→ Your goal
Take the lines from the one containing "Shop Msgm Logo-embellished" through the final line below and restate them exactly. Omit the pictures.

→ Supplied data
◇ ◇ ◇ ◇ ◇ ◇ ◇

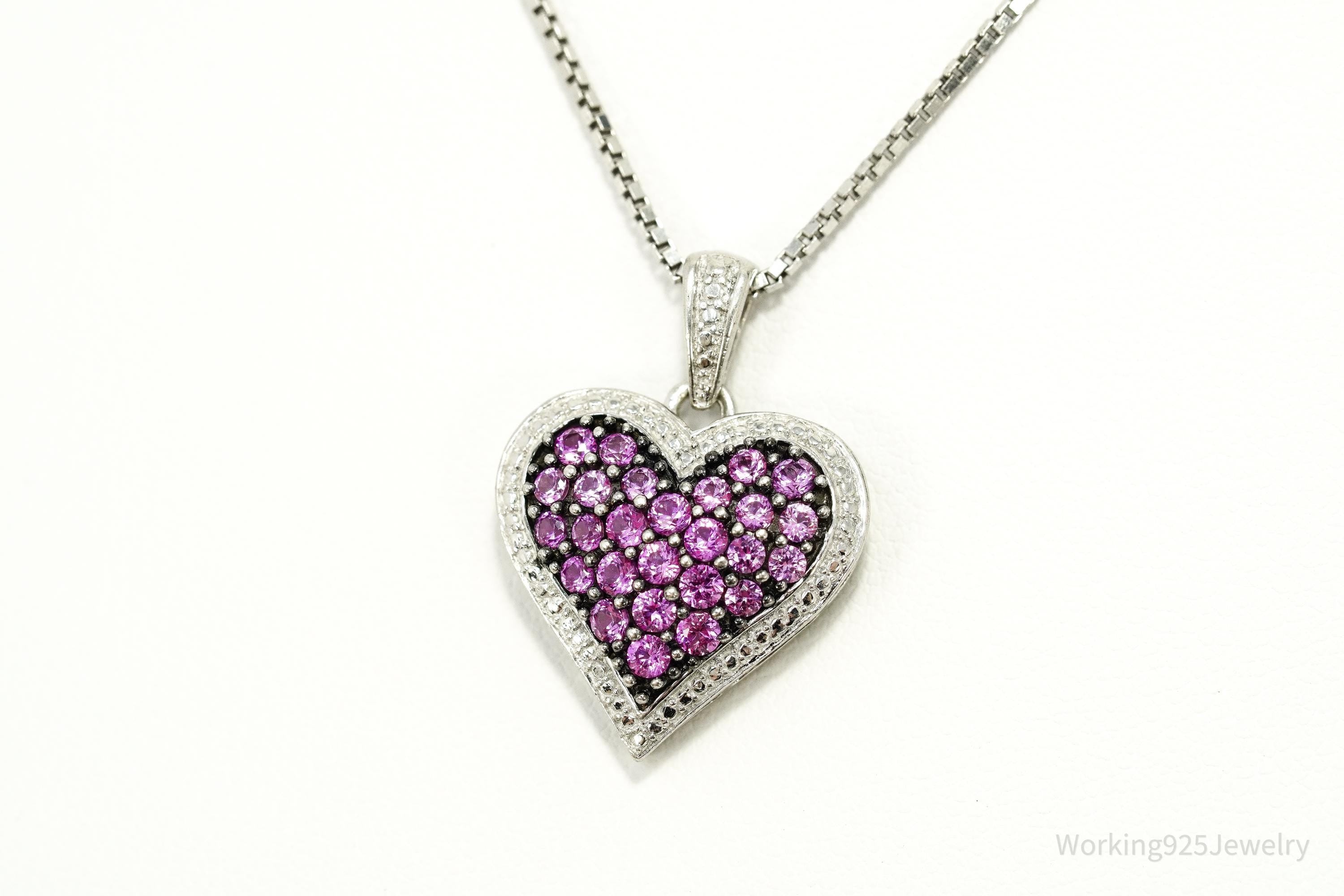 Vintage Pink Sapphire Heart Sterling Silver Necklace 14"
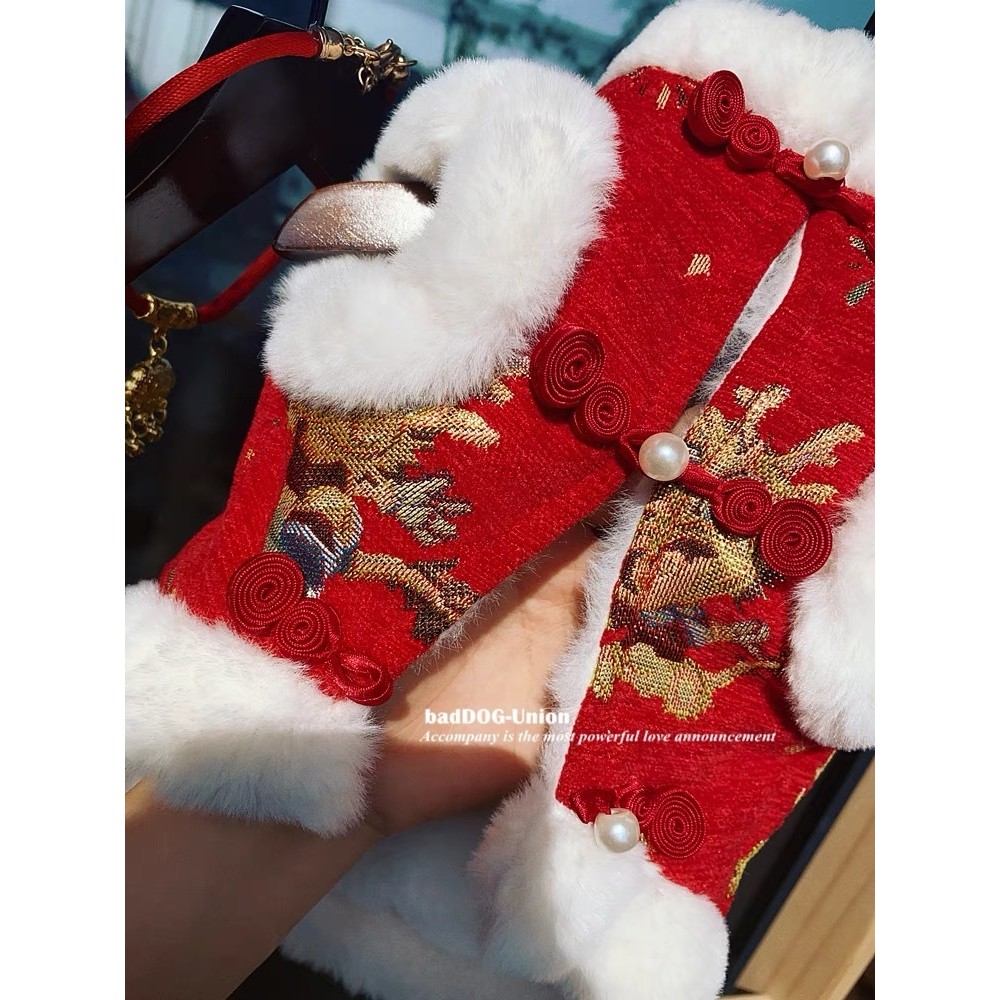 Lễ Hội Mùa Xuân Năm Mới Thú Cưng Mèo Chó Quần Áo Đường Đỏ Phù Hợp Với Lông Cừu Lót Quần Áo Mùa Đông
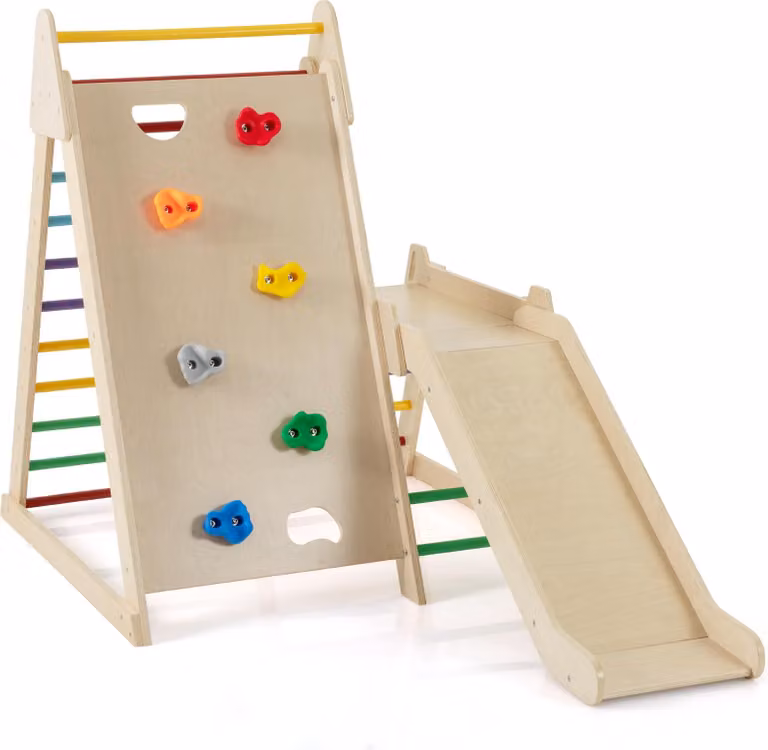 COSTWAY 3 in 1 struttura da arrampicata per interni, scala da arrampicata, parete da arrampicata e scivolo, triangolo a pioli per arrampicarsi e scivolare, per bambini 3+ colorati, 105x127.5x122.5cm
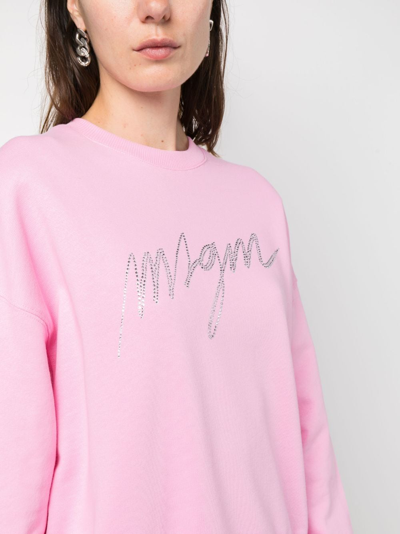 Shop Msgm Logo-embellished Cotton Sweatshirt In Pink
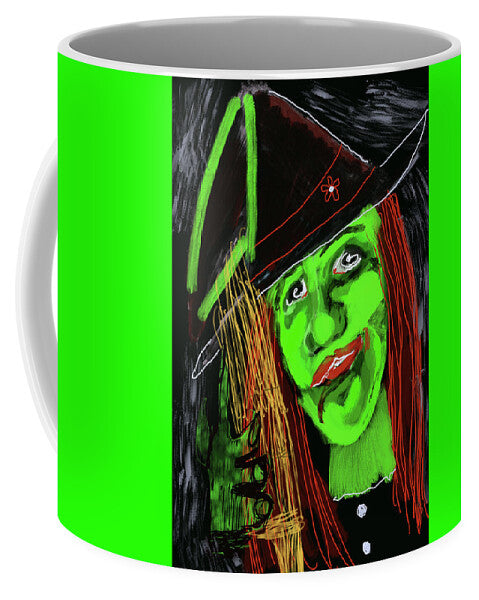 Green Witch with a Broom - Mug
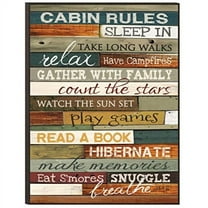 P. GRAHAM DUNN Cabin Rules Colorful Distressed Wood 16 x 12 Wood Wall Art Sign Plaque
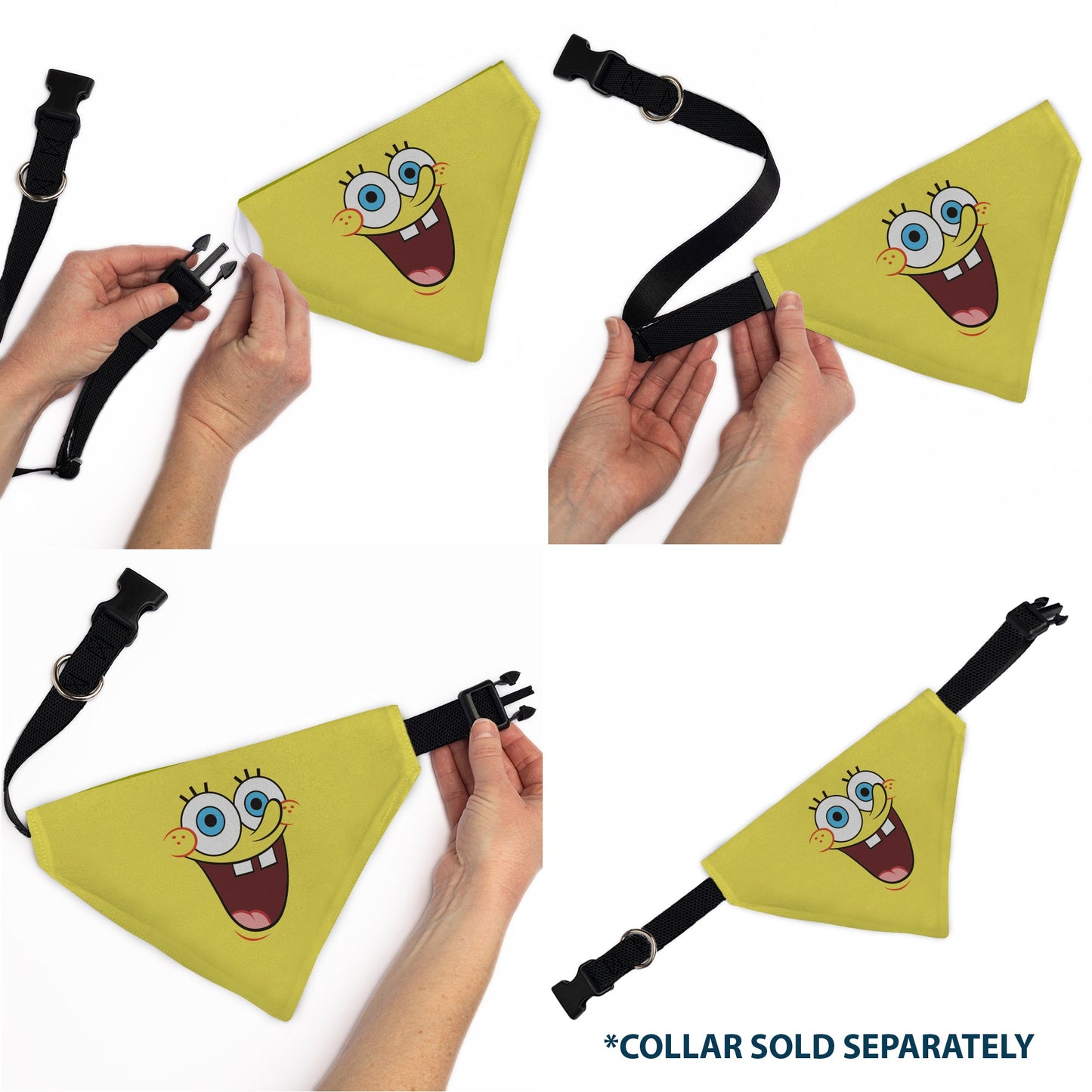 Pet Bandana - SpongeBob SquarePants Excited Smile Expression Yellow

◇ ◇ ◇ ◇ ◇ ◇ ◇

→ Exercise response
 Shop Msgm Logo-embellished Cotton Sweatshirt In Pink
 Green Witch with a Broom - Mug
 P. GRAHAM DUNN Cabin Rules Colorful Distressed Wood 16 x 12 Wood Wall Art Sign Plaque
 Pet Bandana - SpongeBob SquarePants Excited Smile Expression Yellow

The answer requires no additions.